Preservation Island was named following the grounding deliberately of the merchant ship Sydney Cove there in February 1797, predating the discovery of Bass Strait by George Bass and Matthew Flinders in 1798. Subsequently, the island was a base for sealers exploiting fur seals and southern elephant seals during the early-to-mid 19th century and was the permanent home of sealer James Munro and several Tasmanian Aboriginal women and mixed race children until his death there in 1845. During that period and afterwards, the island has been used for grazing goats and cattle.

In 2016, using a previously unknown Saccharomyces strain of yeast isolated from a beer bottle recovered from the wreck of Sydney Cove wreck, a beer called Preservation Ale, similar to Trappist Ale, has been brewed in name of the island.

==Flora and fauna==
Nearly two centuries of grazing livestock, as well as frequent fires and consequent wind erosion, have severely modified the natural plant communities. The northern section of the island is infested with African boxthorn, with much of the rest covered by Poa and Stipa grassland.

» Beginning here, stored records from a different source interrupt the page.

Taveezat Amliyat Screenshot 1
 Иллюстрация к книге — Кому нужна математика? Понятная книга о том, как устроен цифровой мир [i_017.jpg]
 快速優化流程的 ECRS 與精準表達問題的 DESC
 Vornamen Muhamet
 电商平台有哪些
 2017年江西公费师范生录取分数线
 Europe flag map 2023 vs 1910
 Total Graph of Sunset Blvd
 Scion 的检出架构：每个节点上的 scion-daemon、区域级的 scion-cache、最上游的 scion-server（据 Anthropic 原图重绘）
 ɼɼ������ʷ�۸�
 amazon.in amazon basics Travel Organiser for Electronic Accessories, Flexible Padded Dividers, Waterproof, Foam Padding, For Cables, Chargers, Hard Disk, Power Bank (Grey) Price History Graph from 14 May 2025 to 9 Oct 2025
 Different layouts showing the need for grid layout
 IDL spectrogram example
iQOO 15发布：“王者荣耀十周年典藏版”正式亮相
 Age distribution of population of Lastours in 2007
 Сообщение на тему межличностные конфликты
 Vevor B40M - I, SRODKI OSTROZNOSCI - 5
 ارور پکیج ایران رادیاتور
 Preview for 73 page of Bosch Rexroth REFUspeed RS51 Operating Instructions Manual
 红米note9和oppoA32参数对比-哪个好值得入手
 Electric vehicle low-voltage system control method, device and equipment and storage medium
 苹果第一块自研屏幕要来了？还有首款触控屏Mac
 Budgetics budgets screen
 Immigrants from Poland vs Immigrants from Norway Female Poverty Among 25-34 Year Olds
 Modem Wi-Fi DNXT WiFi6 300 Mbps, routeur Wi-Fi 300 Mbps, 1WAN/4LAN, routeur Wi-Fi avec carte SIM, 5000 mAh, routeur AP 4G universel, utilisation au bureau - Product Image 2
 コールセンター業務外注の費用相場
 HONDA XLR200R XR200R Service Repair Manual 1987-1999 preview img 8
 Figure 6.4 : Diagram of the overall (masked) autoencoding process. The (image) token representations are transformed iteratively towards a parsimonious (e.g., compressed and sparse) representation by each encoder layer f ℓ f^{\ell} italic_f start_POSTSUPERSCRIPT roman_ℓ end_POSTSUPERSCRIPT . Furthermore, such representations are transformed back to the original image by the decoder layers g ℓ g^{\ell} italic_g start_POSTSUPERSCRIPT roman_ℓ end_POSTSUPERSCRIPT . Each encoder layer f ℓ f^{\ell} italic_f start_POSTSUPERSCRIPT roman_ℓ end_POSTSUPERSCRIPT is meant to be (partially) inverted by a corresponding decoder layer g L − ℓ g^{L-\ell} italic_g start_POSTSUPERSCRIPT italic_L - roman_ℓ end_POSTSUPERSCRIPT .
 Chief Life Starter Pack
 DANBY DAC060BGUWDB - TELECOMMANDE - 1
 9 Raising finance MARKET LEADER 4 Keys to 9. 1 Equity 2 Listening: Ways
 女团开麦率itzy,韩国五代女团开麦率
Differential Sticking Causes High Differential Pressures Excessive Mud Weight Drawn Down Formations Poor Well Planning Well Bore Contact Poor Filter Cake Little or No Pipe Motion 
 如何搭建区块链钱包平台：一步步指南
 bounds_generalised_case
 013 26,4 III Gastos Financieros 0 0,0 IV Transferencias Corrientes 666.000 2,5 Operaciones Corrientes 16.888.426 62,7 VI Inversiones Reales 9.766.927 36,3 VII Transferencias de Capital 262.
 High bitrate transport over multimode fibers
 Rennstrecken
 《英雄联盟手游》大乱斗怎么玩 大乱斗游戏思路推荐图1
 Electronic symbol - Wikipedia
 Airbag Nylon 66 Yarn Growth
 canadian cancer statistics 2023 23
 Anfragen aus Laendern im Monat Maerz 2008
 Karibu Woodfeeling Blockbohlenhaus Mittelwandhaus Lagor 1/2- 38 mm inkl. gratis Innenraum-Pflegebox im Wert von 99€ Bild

Recorded breeding seabird and wader species include little penguin, short-tailed shearwater, Pacific gull and sooty oystercatcher. Brown quail also breed there. Land degradation by stock grazing has reduced numbers of burrowing seabirds. Reptiles present include the blotched blue-tongued lizard, tiger snake and white-lipped snake.

Other islands in the Preservation Group with breeding seabirds include the Night Island, the Preservation Islets, and the Rum Island.